You’re using the term inputs in your “measurements”, but they aren’t inputs - but input activations (video 1:09:00)
I don’t have enough experience to try to explain this on my own, but after re-listening to the few minutes of video around 1:09-1:11, my understanding is that when Jeremy says “losing information” he really means “wasting information”. If you go from 9->8 with linear transformation that layer becomes almost useless, since it took almost 8 bits (9) and turned them back into 8 bits, when you go from 27->32 it’s wasteful since you took 27 bits and turned them into 32 bits (extrapolation).
So I think Jeremy is looking for some sort of sufficient compression and making the optimizer for the first conv layer work hard to pick kernel weights so that it’ll gather important info and discard unimportant info.
So he suggests imagenet does 147->32 and the class nb does 25->8 - so a compression of about 3-5 times. (also note that this is over 2 to 3 dimensions so the x3-5 is over a flattened size)

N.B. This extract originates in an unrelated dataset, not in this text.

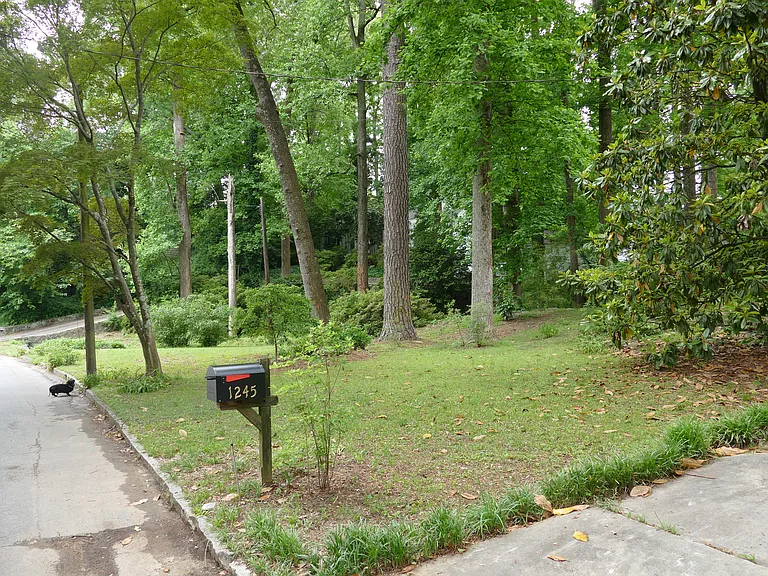 .5 Acre Lot with large frontage. Quiet street great for walkers.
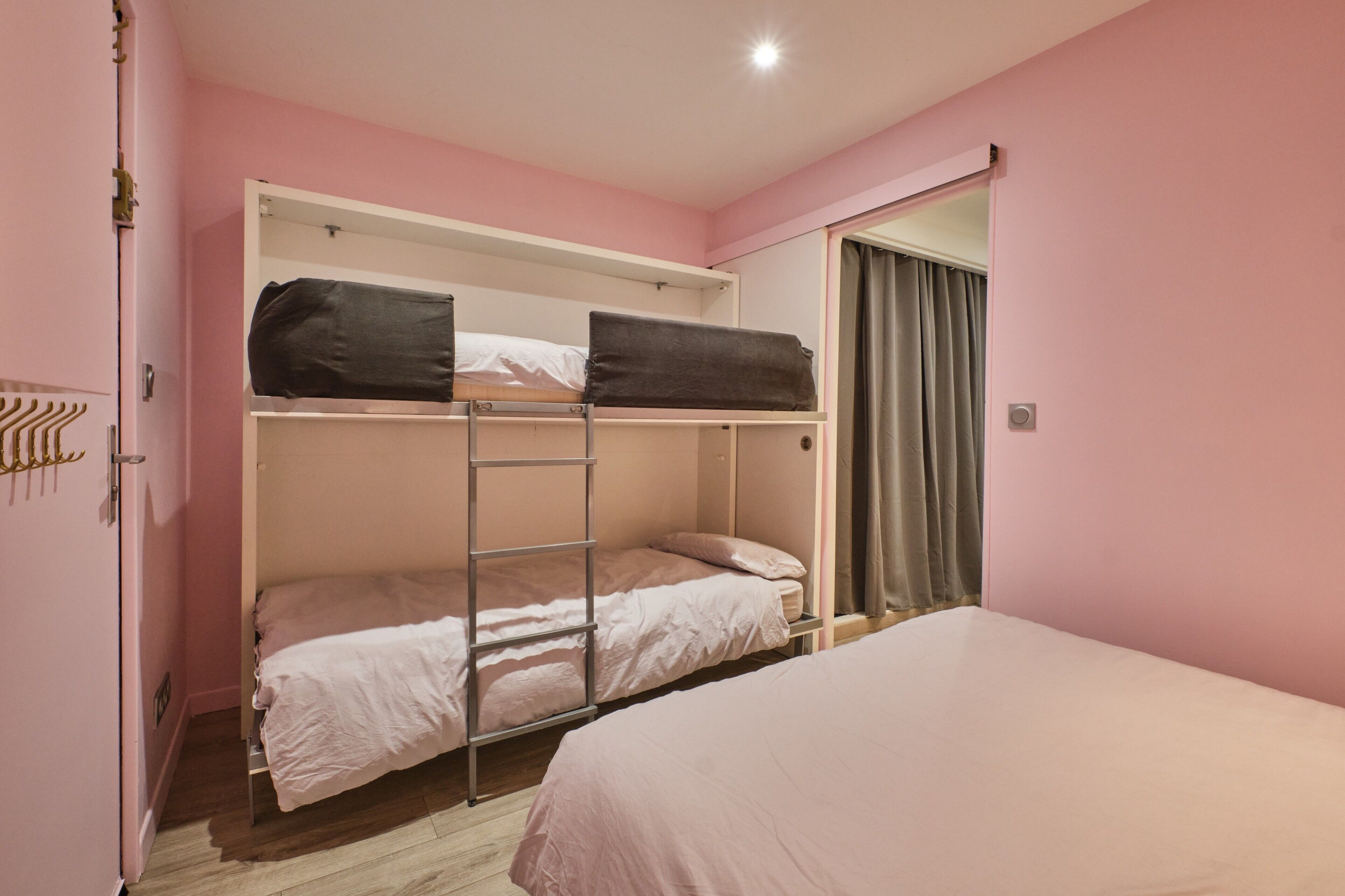 Une chambre avec un lit superposé, une échelle, une porte avec un porte-manteau et une fenêtre avec des rideaux.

I don’t know if my intuition is a good one. But I think his main point was to keep the network design to be lean and mean.
On the other hand, those conv layers are immediately followed by ReLU, in which case it’s no longer a wasteful 1:1 re-mapping of bits, since we have non-linearity there. And this point is not clear to me. W/o ReLU what I wrote above makes sense, since then we just reshuffle bits, but with ReLU it’s no longer a linear re-mapping or a wasteful extrapolation.
Yes exactly - later in the video there was a question asked about this, and in my answer I said that “losing information” was a poor way for me to express it.
Even with the relu, I don’t think that having more channels out than receptive field in makes sense. But I’m not 100% sure. It needs some experiments and more thinking!
Great question - here’s a paper where they tried to answer that question:
Thanks @stas . I think it’s an interesting subject to discuss. Makes sense to say that if we have an extrapolation we are being wasteful. Not sure if it’s a waste of data, maybe more a waste of computation and a waste of a layer?
Regarding ReLU: since it applies to each individual output activation, I believe it wouldn’t change the mapping between input and output activations, but instead just zero out the negative outputs.
Given that a compression of 4-5 is a bit of a standard, I find it interesting to look at different types of layers and see what kind of compression they imply:
The up part of Unet uses 20x compression - is it better/worse than trying to keep it at 4x? Would need some experimenting…
Trans convs:
http://deeplearning.net/software/theano/_images/padding_strides_odd_transposed.gif
Looking at the animated gif, we end up with compressions varying between 1 and 4, with an average around 1.8 (if I counted right).
If instead our upsampling consists in a 33 con with 4 times more channels , followed by a PixelShuffle(2), we have a 33/4 = 2.25 compression (part-2-lesson-14-2018)
Maybe worth dividing the output # of channels by 2 and get a bit more compression out of the upsampling layer, and fewer parameters in the process…
Yes, your definition is much more precise, @Seb, than “waste of data”, that I said. Thank you!
My feeling is that we are in the early days where we still need to tell DL boxes what to do - i.e. we still use algorithms, and it probably won’t be too long before architectures will be self-designing, so such questions would be a thing of a past. But we aren’t quite there yet, so we do need to understand such situations well so that we could do better.
Regarding ReLU: since it applies to each individual output activation, I believe it wouldn’t change the mapping between input and output activations, but instead just zero out the negative outputs.
But that’s the whole point of ReLU - it changes the mapping between input and output, don’t forget the gradients! If it’s somewhat linear still after the forward pass, it’s very non-linear after the backward pass.